It seems remarkable that a genre as stylistically specific as footwork would have continued to splinter off into fresh iterations over the past half-decade after crossing over into the still-left-of-mainstream in the early 2010s with the rise of the late DJ Rashad and other Chicago-based DJs. The biggest influence those musicians bore on the contemporary weird has not so much taken the shape of rhythms and vibes (though it’s possible to trace those types of influences as well) as it has germinated through ideas; namely, the concept of a sampladelic phenomenology suited to the infinitely editable digital era of composition, wherein memetic sound-phrases take on the role of compositional particulate and gesture in place of traditional instrumentation (drums, bass, keys, vocals).
Japanese footwork artists like Foodman and Paisley Parks have pushed this aesthetic to its breaking point and back again over the past few years, eschewing the relatively austere compositional restrictions, polyrhythmic grid-shifting, and improvisational phraseology of its Chicago forebearers in favor of a disorienting, maximalist flurry of samples that would carry the genre away from the dance floor and the act of dancing itself in order to isolate the memetic ontological gesture as a composition technique.
Kent, Ohio-based producer Khaki Blazer continues in the vein of these Japanese artists, using a panoply of deliberately non-smooth samples to initially jar and then to normalize within the listener various states of hypnotic incomprehensibility. “Don’t think,” with its imploring refrain of “Don’t think about it too much,” microcosmically embodies the fucked cartoons that rise to the surface of consciousness on Coca Nara Deezer: grainy natural elements bubble up through a stream of decayed digital trash, like image memes that have been screenshotted and reposted to IG so many times that the words are barely readable and the inexplicably high-contrast shades repel the eye, in effect betraying the imprint of a vast, unspeakable journey through sociality and consciousness itself.
Therein unfolds a topography of anti-signifying with infinite plasticity, iterating through repetitions at various speeds and recombinant rhythmic articulations: the bubble of water in a pipe, a bicycle bell, a bitcrushed android vocal, an ebullient kiddie laugh-track, jungle bird calls, popping bubbles. These elements co-arise with bare footwork drums, corrugated cardboard snares, and low-attack 808 bass, rolling hi-hats that string together forays into various nowheres. It’s kind of like all free-jazz everything; there’s a part of you that’s dancing, but it’s the part of you that’s woven through every object you’ve ever consumed, coveted, ridden, entered, or seen, and it’s difficult to locate within the confines of your actual skin shell.
How to describe this compositional style and its affects? It’s like a collage, but the collage lives inside you, and the individual pieces of the collage have tiny preferences and inner lives of their own. They have relationships with the other pieces characterized by playful, oscillatory conflict — chicanery, gentle trolling, a de-coolification and a smirking at the obvious non-primacy of the constitutive listener-subject.

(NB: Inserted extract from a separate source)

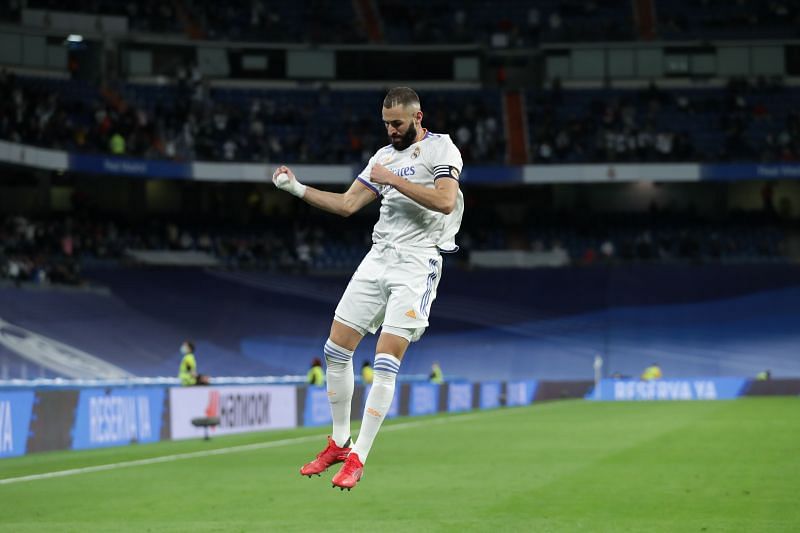 Karim Benzema scored against Sheriff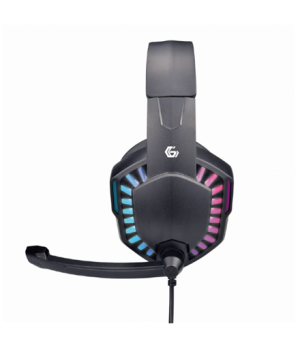 Gembird | Wired | On-Ear | Microphone | Gaming headset with LED light effect | GHS-06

There is a rapid-fire kitsch at play that undermines any lofty concept of iterative computational process that transcends infomatic chaos itself, even as the sound of failed categorization, of excess info that breaks the network, of cluttered design that obscures the grid at times coheres into something resembling gleeful, manic surrender to precarization.
Coca Nara Deezer, as it draws toward an unceremonious close with a penultimate title track, bleats out a grainy, droll square wave that goofily pitches up and layers on itself, like the childish, Crayola equivalent of a tasteful-signifying pitched-up vocal sample on a manicured house track. When BBU declared “Chi don’t dance no more/ All we do is juke,” they must have understood that juke and footwork were more than just a vibe or a subgenre, but a rupture in the way things in our world are arranged. We arrive into this mode when we slip into the infinitely reproducible beige aura of the Khaki Blazer, refracting an ambivalent kaleidoscope where the things that make up the world simultaneously don’t give a shit about us yet don’t mind us joining in to their funhouse play.